Your assignment: Only the lines below, from the one with "Bepflanzter Innenhof der" through the one with "istock Flowerpots with", are to be written out, exactly.

Dataset excerpts:
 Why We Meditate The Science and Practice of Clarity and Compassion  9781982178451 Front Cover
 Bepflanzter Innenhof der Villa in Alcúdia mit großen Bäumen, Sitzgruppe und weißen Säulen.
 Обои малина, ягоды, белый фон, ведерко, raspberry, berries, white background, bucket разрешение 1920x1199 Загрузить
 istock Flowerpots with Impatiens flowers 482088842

* * *

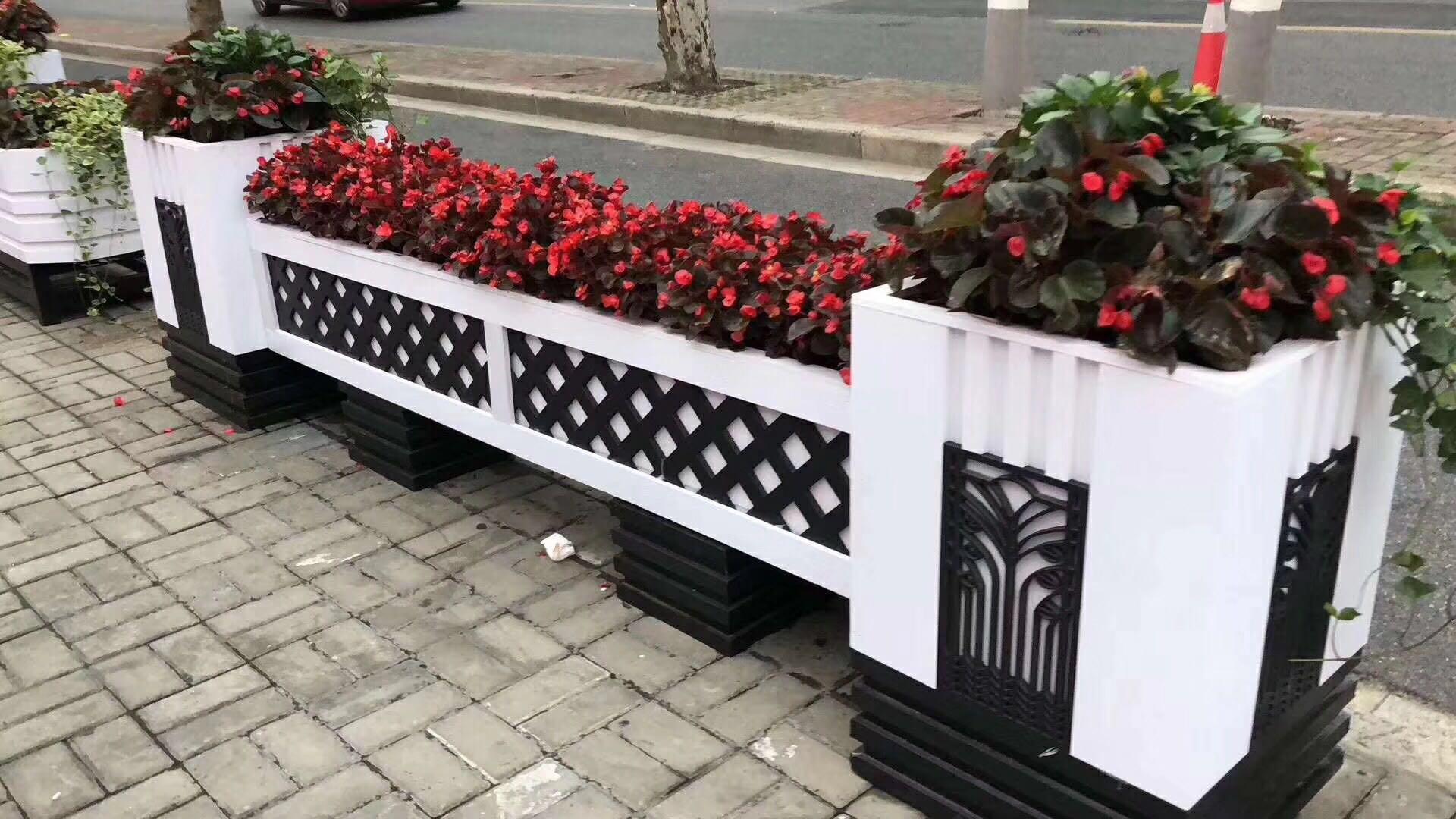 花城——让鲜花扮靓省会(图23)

---

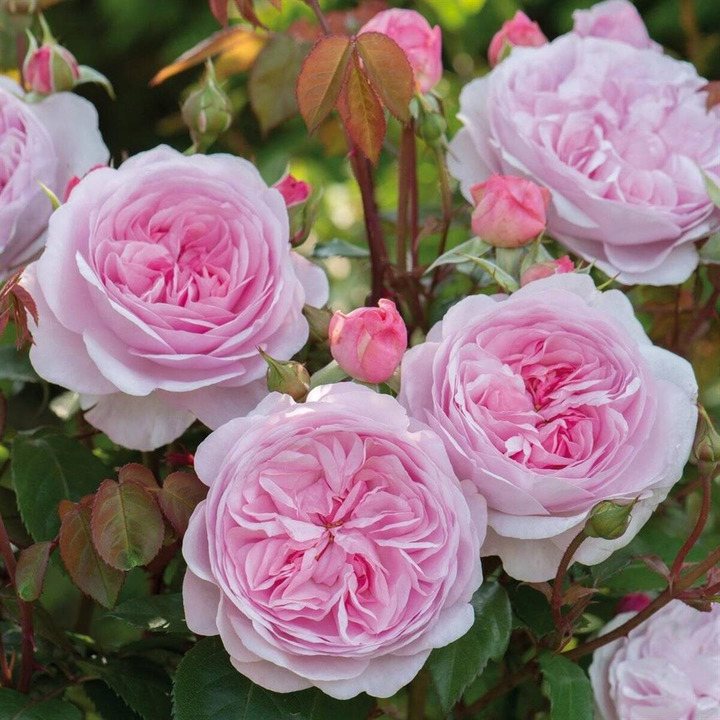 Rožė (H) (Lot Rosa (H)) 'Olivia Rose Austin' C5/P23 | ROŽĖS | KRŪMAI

Output of the task:
 Bepflanzter Innenhof der Villa in Alcúdia mit großen Bäumen, Sitzgruppe und weißen Säulen.
 Обои малина, ягоды, белый фон, ведерко, raspberry, berries, white background, bucket разрешение 1920x1199 Загрузить
 istock Flowerpots with Impatiens flowers 482088842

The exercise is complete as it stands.